Exactly as written, return all the data, leaving its pictures behind.

*** Begin section ***

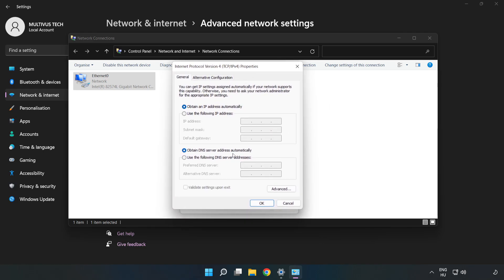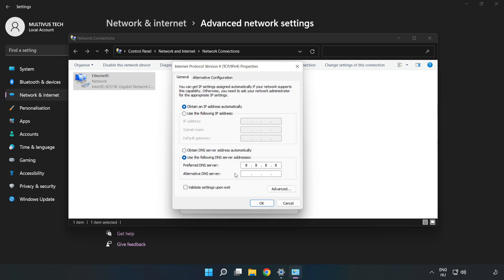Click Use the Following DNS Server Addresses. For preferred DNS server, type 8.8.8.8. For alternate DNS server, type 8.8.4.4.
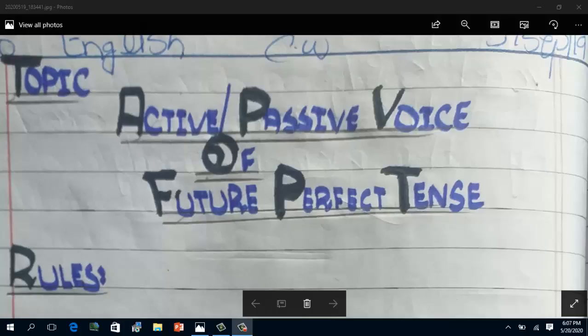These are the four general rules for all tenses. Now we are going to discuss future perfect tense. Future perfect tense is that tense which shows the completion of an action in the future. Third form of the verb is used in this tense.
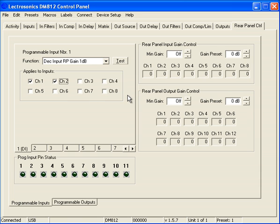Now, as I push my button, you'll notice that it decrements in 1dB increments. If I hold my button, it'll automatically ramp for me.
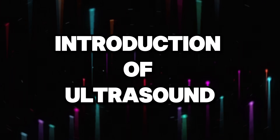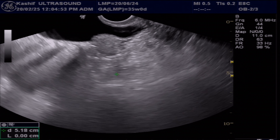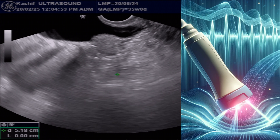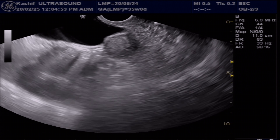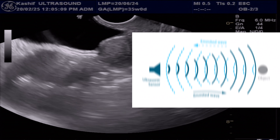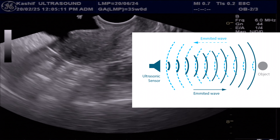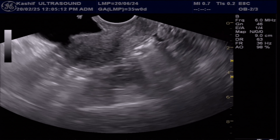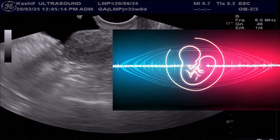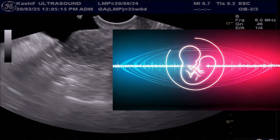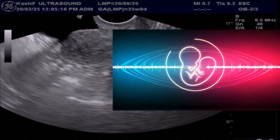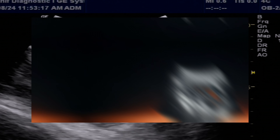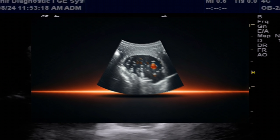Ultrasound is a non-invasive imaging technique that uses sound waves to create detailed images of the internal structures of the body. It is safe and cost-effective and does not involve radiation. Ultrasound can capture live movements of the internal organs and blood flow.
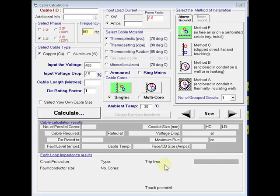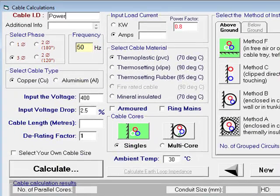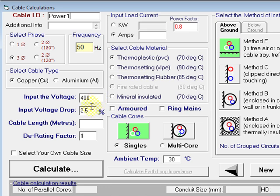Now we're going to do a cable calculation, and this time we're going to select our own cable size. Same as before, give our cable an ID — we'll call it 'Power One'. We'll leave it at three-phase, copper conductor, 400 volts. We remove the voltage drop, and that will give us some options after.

*** End section ***

> _EXERCISE RESPONSE_
Click Use the Following DNS Server Addresses. For preferred DNS server, type 8.8.8.8. For alternate DNS server, type 8.8.4.4.
These are the four general rules for all tenses. Now we are going to discuss future perfect tense. Future perfect tense is that tense which shows the completion of an action in the future. Third form of the verb is used in this tense.
Now, as I push my button, you'll notice that it decrements in 1dB increments. If I hold my button, it'll automatically ramp for me.
Ultrasound is a non-invasive imaging technique that uses sound waves to create detailed images of the internal structures of the body. It is safe and cost-effective and does not involve radiation. Ultrasound can capture live movements of the internal organs and blood flow.
Now we're going to do a cable calculation, and this time we're going to select our own cable size. Same as before, give our cable an ID — we'll call it 'Power One'. We'll leave it at three-phase, copper conductor, 400 volts. We remove the voltage drop, and that will give us some options after.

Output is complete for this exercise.